Project Details
Dynamic Electrowetting at Nanoporous Surfaces: Switchable Spreading, Imbibition, and Elastocapillarity
Applicant
Professor Dr. Patrick Huber
Subject Area
Experimental Condensed Matter Physics
Physical Chemistry of Molecules, Liquids and Interfaces, Biophysical Chemistry
Physical Chemistry of Molecules, Liquids and Interfaces, Biophysical Chemistry
Term
from 2019 to 2024
Project identifier
Deutsche Forschungsgemeinschaft (DFG) - Project number 422879465
Electrically conductive substrates, such as surfaces of nanoporous metals and semiconductors allow one to control the wetting energies of electrolytes by electrical potentials. Thereby, it is possible to tune droplet shape and liquid spreading dynamics at surfaces, however also the imbibition into the porous surface is under external control via electrical potential-dependent curvatures of the liquid menisci within the nanopores. Moreover, the enormous Laplace pressures and fluid-solid interfacial stresses, typical of nanopore-confined liquids, induce noticeable deformations of the porous solids, and thus result in the case of electrowetting in a potential-dependent coupling of liquid capillarity with solid elasticity, i.e. electrically switchable elastocapillarity. The complex interplay of these phenomenologies (droplet shape dynamics, imbibition and deformation behaviour) have been barely explored to date. Here, it is proposed to explore experimentally the wetting dynamics of aqueous electrolytes at tailored, single-crystalline silicon surfaces traversed by a parallel array of tubular nanopores along with the intimately related elastic deformation of the solids under electrical potential control of the solid-liquid interfacial tension.
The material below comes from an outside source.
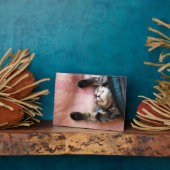 Snoozing Kitten Fotoplatte (Seite)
Both direct and electrowetting with dielectric oxide layers at the nanopore surfaces shall be studied. The existence of precursor films, droplet spreading and imbibition dynamics as well as the deformation on the microscopic (atomic silicon lattice) and macroscopic (substrate) scale will be scrutinized by time-dependent droplet shape analysis, opto-fluidic interferometry, dilatometry and synchrotron-based in-situ x-ray diffraction under variation of the mean pore diameter and porosity of the surface. The experiments shall be analysed in close cooperation with projects in this priority program focusing on computational modelling and mesoscopic phenomenological theories for liquid spreading, imbibition and elastocapillarity at planar and porous surfaces. The overarching objective of this project is a fundamental, predictive understanding of electrically switchable static and dynamic wetting at nanoporous surfaces.